Here is a problem that I cannot seem to understand.


R=RootSystem(['A', 2])
F=R.ambient_space().fundamental_weights()
D=R.ambient_space().simple_roots()

The output we get is as follows:

F=Finite family {1: (1, 0, 0), 2: (1, 1, 0)}
D=Finite family {1: (1, -1, 0), 2: (0, 1, -1)}

  The issue is the root lattice is contained in the weight lattice but clearly D[2] is not contained in the lattice generated by F. Perhaps I am missing something simple.

I need to write a program I would need the weyl group action on some weights and roots at the same time. How can this be done? Thank you for your time in advance.

EDIT: Consider now the Weyl group action on weight lattice. We will continue using the notations above.

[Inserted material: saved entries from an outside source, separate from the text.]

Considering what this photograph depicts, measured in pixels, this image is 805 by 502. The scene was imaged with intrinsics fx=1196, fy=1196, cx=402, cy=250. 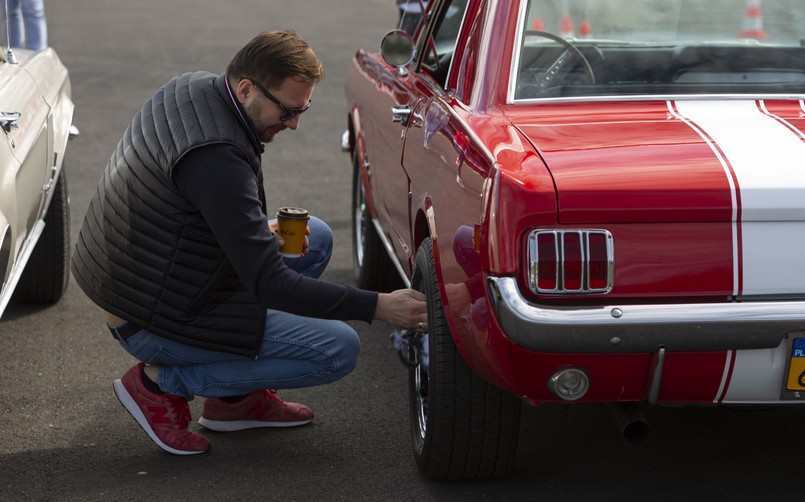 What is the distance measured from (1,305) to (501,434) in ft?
5.75

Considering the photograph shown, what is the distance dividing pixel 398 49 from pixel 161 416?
1584 mm

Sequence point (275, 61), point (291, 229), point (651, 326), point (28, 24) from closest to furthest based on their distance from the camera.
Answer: point (651, 326)
point (275, 61)
point (291, 229)
point (28, 24)

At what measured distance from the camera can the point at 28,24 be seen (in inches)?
393

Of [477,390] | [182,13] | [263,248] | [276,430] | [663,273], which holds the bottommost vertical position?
[182,13]

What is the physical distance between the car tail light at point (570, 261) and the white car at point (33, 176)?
1.80 metres

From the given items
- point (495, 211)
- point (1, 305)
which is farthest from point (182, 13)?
point (495, 211)

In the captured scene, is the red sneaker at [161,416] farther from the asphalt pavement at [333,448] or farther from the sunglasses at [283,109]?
the sunglasses at [283,109]

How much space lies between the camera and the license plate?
2.95m

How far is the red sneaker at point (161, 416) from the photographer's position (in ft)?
12.6

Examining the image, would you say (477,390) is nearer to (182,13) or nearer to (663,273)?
(663,273)

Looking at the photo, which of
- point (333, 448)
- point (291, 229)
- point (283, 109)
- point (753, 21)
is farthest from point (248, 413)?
point (753, 21)

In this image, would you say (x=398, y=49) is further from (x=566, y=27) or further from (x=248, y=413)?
(x=248, y=413)

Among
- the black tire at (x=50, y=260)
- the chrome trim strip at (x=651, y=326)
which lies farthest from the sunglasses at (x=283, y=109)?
the black tire at (x=50, y=260)

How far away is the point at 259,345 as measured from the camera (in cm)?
375
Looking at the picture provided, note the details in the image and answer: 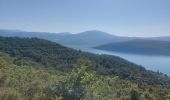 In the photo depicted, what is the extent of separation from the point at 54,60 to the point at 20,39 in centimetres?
2038

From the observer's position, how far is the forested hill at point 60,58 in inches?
2223

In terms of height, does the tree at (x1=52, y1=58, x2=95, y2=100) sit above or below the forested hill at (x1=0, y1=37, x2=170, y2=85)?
above

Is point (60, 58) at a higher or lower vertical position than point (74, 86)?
lower

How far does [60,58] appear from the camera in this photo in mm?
63812

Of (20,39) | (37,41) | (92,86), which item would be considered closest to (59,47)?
(37,41)

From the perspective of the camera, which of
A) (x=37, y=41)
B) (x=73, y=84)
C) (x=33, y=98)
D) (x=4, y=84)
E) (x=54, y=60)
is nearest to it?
(x=33, y=98)

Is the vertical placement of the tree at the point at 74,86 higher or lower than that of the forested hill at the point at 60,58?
higher

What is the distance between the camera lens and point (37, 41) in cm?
7538

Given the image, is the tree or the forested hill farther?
the forested hill

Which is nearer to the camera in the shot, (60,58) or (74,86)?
(74,86)

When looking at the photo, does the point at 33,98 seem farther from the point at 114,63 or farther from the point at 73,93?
the point at 114,63

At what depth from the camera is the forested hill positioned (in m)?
56.5

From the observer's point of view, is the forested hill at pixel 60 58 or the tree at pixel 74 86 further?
the forested hill at pixel 60 58

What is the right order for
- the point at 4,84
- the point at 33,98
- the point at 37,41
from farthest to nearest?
the point at 37,41 → the point at 4,84 → the point at 33,98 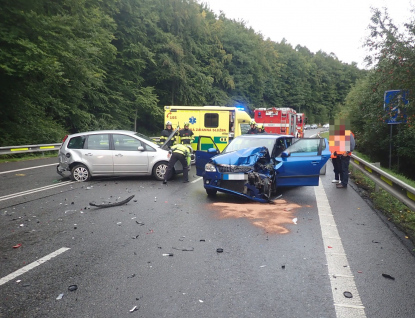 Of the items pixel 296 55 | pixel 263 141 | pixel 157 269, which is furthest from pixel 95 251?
pixel 296 55

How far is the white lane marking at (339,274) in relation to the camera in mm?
3559

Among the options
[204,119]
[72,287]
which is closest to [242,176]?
[72,287]

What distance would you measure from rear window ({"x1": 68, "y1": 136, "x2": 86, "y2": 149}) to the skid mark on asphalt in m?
5.40

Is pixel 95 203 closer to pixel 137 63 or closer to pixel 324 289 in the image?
pixel 324 289

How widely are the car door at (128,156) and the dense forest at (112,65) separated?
797cm

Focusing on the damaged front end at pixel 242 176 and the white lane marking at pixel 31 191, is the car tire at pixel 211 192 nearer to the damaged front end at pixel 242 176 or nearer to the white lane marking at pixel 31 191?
the damaged front end at pixel 242 176

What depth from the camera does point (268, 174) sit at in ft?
29.4

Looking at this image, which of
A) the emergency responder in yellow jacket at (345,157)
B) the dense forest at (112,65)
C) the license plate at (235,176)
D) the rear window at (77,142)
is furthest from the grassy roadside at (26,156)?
the emergency responder in yellow jacket at (345,157)

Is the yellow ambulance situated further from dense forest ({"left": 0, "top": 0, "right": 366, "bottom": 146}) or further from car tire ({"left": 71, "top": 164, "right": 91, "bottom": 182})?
dense forest ({"left": 0, "top": 0, "right": 366, "bottom": 146})

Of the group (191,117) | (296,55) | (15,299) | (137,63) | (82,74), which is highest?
(296,55)

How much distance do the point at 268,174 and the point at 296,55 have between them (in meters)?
98.1

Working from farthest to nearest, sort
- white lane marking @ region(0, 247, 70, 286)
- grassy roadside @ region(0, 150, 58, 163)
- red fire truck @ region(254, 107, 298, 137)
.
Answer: red fire truck @ region(254, 107, 298, 137) → grassy roadside @ region(0, 150, 58, 163) → white lane marking @ region(0, 247, 70, 286)

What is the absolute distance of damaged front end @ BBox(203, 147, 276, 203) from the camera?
27.9 ft

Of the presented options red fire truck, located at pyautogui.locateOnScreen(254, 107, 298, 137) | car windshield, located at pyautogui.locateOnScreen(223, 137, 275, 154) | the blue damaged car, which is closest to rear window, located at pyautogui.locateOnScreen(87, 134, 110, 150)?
the blue damaged car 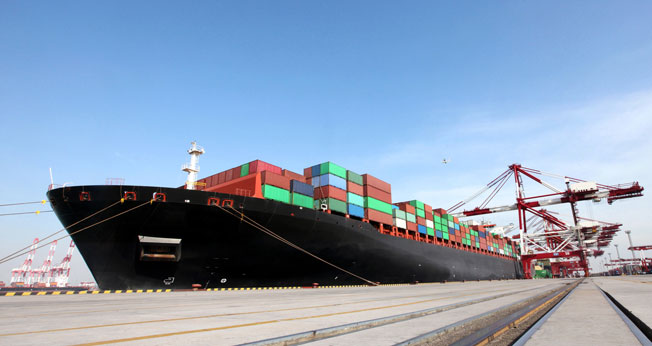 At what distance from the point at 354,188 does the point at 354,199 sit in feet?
3.60

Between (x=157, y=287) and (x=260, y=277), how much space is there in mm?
5863

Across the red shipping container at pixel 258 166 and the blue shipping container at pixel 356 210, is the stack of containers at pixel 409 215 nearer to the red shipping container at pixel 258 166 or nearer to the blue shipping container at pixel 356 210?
the blue shipping container at pixel 356 210

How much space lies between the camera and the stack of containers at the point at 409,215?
119 feet

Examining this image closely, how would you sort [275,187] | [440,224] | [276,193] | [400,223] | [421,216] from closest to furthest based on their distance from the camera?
1. [276,193]
2. [275,187]
3. [400,223]
4. [421,216]
5. [440,224]

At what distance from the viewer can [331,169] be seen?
2709 centimetres

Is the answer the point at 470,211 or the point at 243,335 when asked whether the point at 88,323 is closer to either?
the point at 243,335

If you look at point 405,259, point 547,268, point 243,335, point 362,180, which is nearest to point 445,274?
point 405,259

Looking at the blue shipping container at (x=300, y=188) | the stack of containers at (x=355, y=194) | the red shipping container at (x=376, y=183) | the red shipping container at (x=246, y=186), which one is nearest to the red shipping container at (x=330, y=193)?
the stack of containers at (x=355, y=194)

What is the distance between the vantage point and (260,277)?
2041cm

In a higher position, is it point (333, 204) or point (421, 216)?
point (421, 216)

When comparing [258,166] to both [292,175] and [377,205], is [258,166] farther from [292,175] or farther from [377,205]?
[377,205]

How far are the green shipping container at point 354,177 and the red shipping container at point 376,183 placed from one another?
53 centimetres

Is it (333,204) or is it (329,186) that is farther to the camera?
(329,186)

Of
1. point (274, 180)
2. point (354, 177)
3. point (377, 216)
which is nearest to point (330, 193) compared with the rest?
point (354, 177) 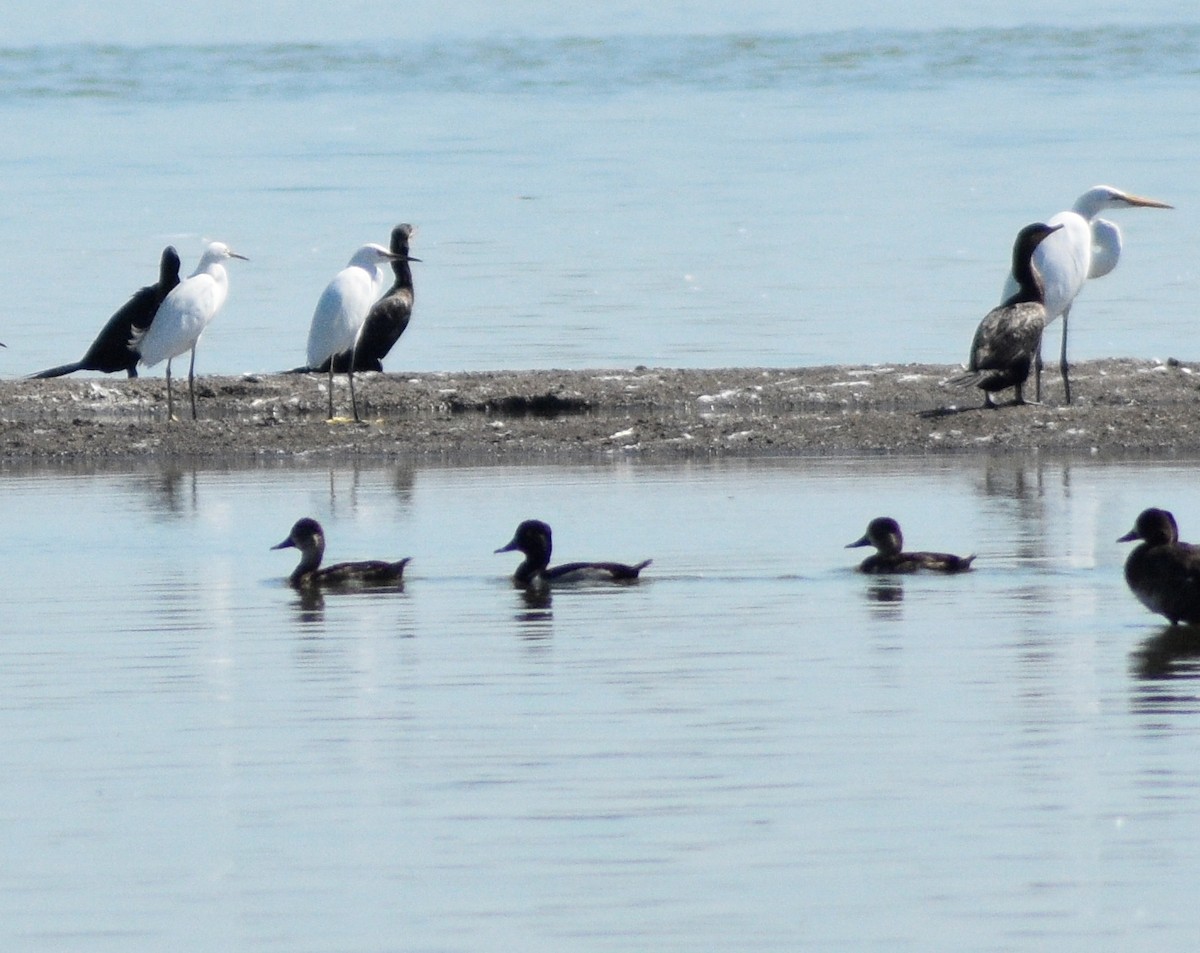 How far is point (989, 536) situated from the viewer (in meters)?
13.0

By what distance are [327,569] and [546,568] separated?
1.00m

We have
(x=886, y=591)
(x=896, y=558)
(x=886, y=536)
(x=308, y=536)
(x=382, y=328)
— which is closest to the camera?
(x=886, y=591)

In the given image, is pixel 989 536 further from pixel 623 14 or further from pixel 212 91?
pixel 623 14

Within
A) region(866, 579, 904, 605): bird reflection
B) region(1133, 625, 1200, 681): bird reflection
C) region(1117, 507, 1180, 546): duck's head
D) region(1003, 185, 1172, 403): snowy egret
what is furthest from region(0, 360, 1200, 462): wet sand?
region(1133, 625, 1200, 681): bird reflection

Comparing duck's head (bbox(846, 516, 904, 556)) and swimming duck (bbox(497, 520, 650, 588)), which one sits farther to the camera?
duck's head (bbox(846, 516, 904, 556))

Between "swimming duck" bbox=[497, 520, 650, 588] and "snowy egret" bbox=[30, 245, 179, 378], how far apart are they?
9335 mm

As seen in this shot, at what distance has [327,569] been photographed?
12.0m

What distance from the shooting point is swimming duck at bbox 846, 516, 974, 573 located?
1171 centimetres

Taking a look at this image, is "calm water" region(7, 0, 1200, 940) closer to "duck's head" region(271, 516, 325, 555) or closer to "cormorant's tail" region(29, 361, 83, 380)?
"duck's head" region(271, 516, 325, 555)

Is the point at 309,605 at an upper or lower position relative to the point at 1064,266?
lower

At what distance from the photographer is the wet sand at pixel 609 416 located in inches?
679

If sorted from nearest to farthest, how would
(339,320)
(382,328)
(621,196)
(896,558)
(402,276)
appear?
1. (896,558)
2. (339,320)
3. (382,328)
4. (402,276)
5. (621,196)

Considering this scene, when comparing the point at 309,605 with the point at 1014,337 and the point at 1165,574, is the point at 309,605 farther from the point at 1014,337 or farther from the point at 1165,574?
the point at 1014,337

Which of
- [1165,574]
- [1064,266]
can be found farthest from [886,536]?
[1064,266] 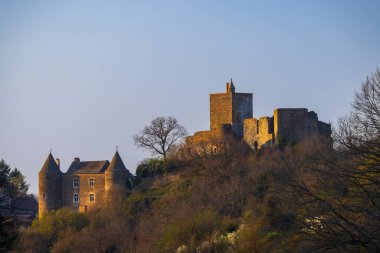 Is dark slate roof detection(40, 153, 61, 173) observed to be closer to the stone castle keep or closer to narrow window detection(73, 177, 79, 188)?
the stone castle keep

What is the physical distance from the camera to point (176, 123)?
55.9 metres

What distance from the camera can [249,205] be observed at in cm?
4138

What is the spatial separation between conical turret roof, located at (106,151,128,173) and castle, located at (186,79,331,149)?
14.9ft

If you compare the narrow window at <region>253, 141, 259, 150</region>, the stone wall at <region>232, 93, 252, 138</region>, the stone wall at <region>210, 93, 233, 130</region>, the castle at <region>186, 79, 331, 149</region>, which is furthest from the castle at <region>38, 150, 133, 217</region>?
the narrow window at <region>253, 141, 259, 150</region>

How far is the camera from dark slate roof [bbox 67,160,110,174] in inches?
2175

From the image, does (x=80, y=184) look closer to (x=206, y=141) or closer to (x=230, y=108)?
(x=206, y=141)

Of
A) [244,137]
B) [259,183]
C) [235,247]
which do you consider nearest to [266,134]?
[244,137]

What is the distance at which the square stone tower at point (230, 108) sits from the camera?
52.4m

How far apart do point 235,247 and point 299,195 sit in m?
12.2

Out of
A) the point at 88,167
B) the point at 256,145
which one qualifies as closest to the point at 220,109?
the point at 256,145

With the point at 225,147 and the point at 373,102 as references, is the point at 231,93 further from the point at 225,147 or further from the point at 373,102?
the point at 373,102

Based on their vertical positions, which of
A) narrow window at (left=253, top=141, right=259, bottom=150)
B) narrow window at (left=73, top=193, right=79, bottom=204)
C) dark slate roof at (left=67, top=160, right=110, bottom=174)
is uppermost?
narrow window at (left=253, top=141, right=259, bottom=150)

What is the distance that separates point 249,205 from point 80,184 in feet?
54.7

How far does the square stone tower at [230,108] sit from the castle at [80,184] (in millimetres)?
6746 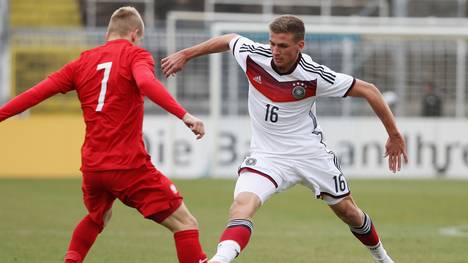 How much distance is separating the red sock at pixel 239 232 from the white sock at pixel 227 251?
5 centimetres

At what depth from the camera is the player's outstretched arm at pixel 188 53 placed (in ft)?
25.9

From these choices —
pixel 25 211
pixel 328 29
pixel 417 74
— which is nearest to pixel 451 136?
pixel 417 74

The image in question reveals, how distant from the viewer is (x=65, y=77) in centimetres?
730

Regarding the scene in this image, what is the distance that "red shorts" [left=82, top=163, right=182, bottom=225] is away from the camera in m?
7.16

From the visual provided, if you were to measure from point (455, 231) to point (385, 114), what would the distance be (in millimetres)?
5477

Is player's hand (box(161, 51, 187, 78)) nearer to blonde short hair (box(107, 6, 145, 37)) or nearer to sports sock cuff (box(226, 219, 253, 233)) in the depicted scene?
A: blonde short hair (box(107, 6, 145, 37))

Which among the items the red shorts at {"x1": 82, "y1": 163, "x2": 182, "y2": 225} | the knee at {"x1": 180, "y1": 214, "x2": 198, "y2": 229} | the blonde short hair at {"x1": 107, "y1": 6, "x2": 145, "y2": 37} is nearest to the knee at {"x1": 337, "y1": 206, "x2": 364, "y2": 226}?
the knee at {"x1": 180, "y1": 214, "x2": 198, "y2": 229}

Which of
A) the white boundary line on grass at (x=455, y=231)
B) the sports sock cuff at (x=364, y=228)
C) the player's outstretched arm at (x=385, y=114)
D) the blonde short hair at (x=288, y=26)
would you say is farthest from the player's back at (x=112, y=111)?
the white boundary line on grass at (x=455, y=231)

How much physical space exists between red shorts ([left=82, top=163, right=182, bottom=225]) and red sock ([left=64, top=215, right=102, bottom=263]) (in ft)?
1.27

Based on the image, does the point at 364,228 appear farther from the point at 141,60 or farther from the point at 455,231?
the point at 455,231

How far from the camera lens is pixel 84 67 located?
23.9 feet

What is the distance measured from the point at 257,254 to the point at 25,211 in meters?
5.52

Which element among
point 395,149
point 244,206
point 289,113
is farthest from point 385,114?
point 244,206

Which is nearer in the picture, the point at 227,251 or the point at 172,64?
the point at 227,251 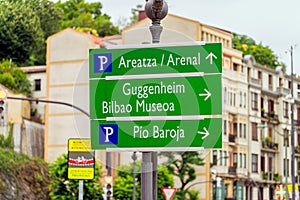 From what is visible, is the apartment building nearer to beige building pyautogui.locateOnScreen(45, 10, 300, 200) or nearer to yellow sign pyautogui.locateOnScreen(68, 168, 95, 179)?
beige building pyautogui.locateOnScreen(45, 10, 300, 200)

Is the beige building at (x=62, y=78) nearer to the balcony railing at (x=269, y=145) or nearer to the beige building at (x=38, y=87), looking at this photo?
the beige building at (x=38, y=87)

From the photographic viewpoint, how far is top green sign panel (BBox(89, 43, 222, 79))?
9484 mm

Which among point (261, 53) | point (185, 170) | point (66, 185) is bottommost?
point (66, 185)

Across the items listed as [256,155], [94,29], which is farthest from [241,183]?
[94,29]

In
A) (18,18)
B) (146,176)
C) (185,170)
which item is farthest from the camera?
(185,170)

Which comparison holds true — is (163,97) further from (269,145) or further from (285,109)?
(285,109)

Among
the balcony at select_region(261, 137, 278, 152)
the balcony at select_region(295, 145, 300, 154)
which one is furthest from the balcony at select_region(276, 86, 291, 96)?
the balcony at select_region(295, 145, 300, 154)

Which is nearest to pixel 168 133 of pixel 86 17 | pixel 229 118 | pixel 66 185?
pixel 66 185

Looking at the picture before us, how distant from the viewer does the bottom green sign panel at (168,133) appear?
Result: 939cm

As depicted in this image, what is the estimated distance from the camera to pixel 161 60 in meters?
9.56

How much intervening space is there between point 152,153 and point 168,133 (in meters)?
0.52

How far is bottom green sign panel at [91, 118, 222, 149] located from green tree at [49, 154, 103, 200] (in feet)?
126

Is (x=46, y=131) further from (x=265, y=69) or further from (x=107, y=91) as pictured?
(x=107, y=91)

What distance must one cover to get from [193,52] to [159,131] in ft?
3.07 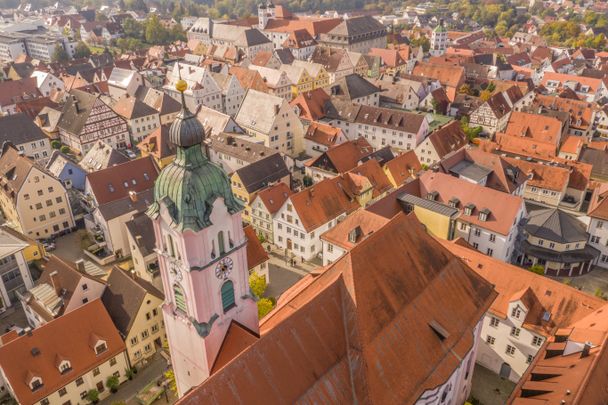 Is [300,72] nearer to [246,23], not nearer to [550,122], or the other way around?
[550,122]

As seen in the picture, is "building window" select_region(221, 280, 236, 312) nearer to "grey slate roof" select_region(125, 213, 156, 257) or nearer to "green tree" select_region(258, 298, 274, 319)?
"green tree" select_region(258, 298, 274, 319)

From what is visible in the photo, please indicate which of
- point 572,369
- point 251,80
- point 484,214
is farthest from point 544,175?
point 251,80

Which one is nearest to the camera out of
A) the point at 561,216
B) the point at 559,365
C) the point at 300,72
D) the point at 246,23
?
the point at 559,365

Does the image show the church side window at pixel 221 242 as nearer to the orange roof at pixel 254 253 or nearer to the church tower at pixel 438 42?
the orange roof at pixel 254 253

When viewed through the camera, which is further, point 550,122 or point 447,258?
point 550,122

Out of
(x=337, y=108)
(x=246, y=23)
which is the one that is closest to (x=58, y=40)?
(x=246, y=23)


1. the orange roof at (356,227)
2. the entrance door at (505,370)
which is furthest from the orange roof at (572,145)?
the entrance door at (505,370) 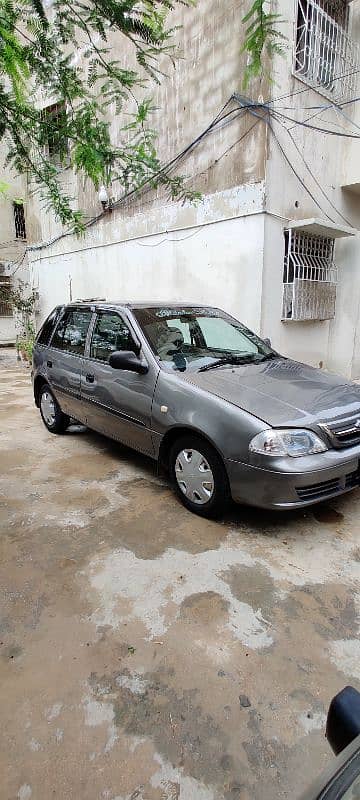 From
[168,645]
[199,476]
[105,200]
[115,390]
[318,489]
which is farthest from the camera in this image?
[105,200]

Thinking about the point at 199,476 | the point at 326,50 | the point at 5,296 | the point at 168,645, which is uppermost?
the point at 326,50

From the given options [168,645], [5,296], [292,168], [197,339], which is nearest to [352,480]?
[168,645]

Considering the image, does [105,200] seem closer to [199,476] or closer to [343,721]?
[199,476]

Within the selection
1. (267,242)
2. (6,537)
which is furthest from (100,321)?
(267,242)

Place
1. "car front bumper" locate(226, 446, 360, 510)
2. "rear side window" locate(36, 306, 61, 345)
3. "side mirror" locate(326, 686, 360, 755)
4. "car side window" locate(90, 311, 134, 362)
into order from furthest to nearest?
"rear side window" locate(36, 306, 61, 345) < "car side window" locate(90, 311, 134, 362) < "car front bumper" locate(226, 446, 360, 510) < "side mirror" locate(326, 686, 360, 755)

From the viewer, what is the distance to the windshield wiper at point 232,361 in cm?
349

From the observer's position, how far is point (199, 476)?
3.07m

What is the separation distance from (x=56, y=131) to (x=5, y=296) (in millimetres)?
13094

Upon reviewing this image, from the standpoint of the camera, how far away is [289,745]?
1.55m

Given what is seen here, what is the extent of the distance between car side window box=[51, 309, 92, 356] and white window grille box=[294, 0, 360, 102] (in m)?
4.77

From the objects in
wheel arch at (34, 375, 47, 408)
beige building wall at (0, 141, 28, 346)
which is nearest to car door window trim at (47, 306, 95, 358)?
wheel arch at (34, 375, 47, 408)

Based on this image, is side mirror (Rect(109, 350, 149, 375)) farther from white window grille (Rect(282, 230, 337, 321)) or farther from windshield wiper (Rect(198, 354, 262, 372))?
white window grille (Rect(282, 230, 337, 321))

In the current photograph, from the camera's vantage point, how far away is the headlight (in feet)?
8.79

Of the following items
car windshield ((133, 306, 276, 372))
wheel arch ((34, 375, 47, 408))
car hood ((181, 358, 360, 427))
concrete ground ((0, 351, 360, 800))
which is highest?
car windshield ((133, 306, 276, 372))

W= R.ambient_space(). weyl_group()
S= W.gens()
s1, s2= S
s1.action(F[1])

Gives an output
 
ValueError                                Traceback (most recent call last)
<ipython-input-12-4b0b8fd74264> in <module>()
---- 1 s1.action(F[Integer(1)]) /usr/lib/sagemath/local/lib/python2.7/site-packages/sage/combinat/root_system/weyl_group.pyc in action(self, v)
843         """
844         if v not in self.domain():
--> 845             raise ValueError("{} is not in the domain".format(v))
846         return self.domain().from_vector(self.__matrixv.to_vector())
847
ValueError: Lambda[1] is not in the domain

  The only way I have been able to make it work is that

L = R. weight_lattice()
F=L.fundamental_weights()
f= L.to_ambient_space-morphism()
s1.action(f(F[1]))
(1,0,0)

This is what I can get but the problem is  s2
 f(F[2]) = (0,0,1).  So we are in a situation of the original problem again. I need to calculate the Weyl group action on the fundamental weights. If there is a better way to do it I would like to know.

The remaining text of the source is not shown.